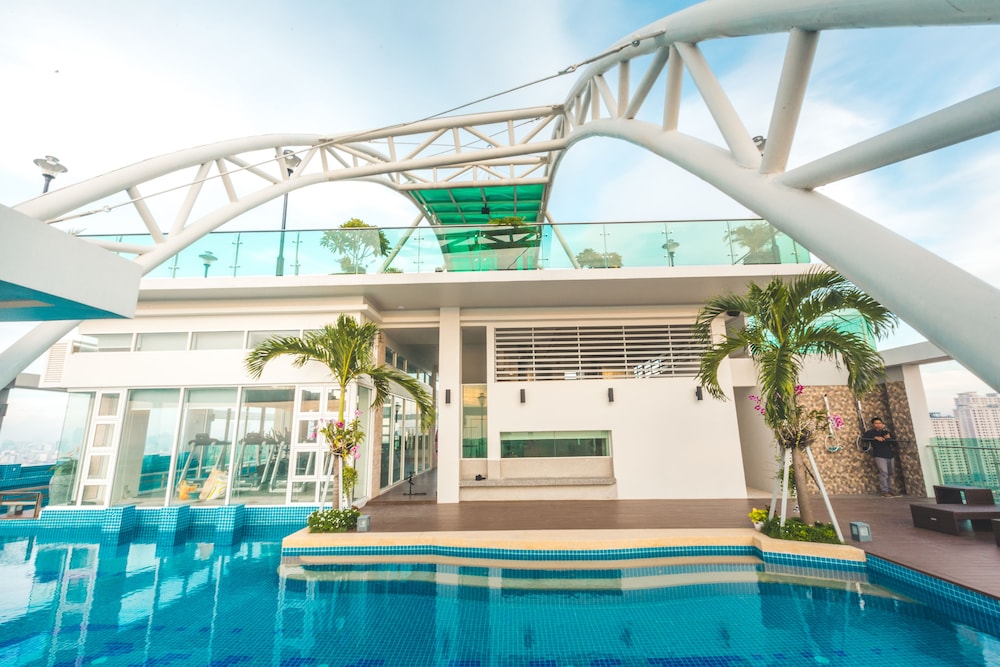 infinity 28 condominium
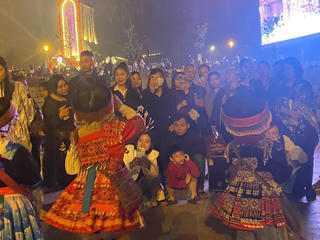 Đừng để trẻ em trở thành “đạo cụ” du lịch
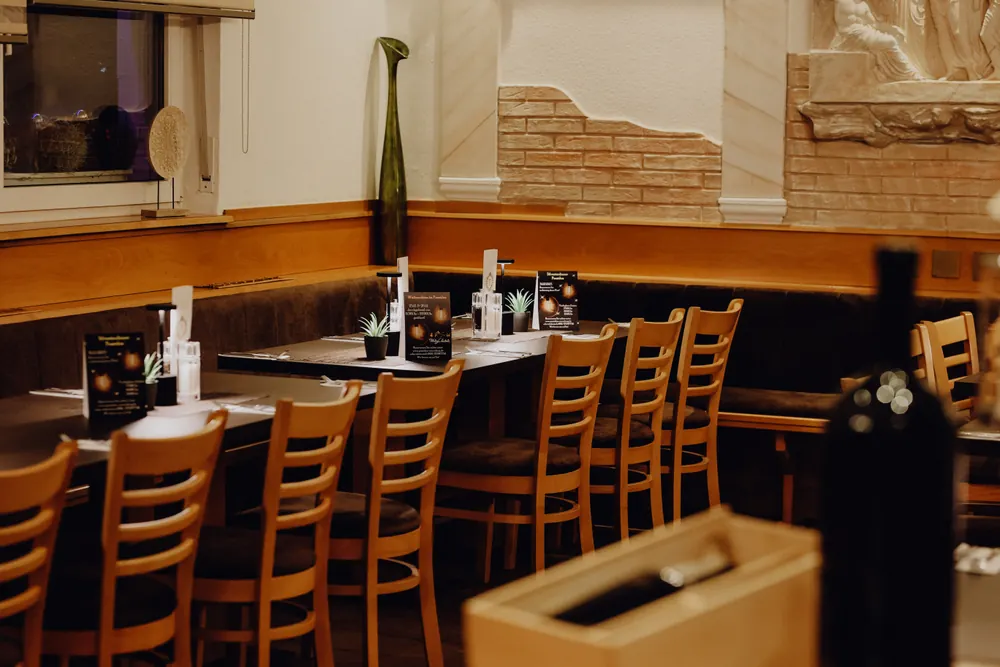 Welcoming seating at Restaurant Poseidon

* * *

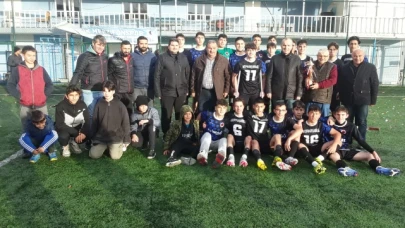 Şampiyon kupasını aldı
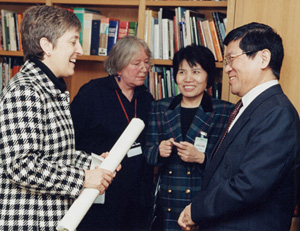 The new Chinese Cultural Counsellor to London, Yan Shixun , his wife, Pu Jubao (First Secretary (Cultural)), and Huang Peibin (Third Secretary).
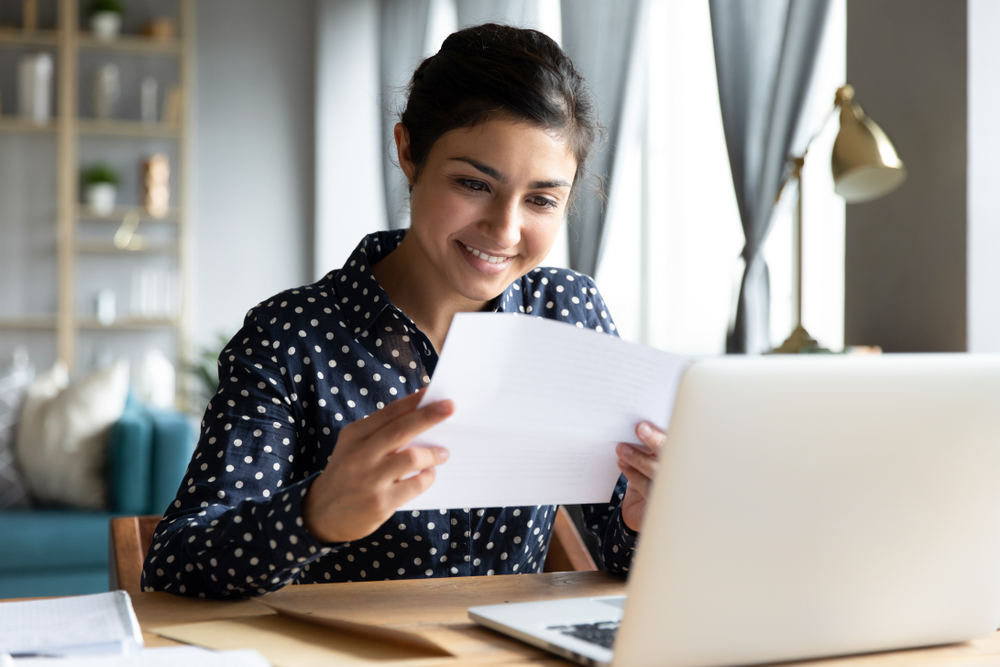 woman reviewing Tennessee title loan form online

| What this task involves |
Look above for the line containing "infinity 28 condominium", then write out every line from there down to the line containing "Welcoming seating at Restaurant Poseidon", that line included, with no pictures.

| Output |
 infinity 28 condominium
 Đừng để trẻ em trở thành “đạo cụ” du lịch
 Welcoming seating at Restaurant Poseidon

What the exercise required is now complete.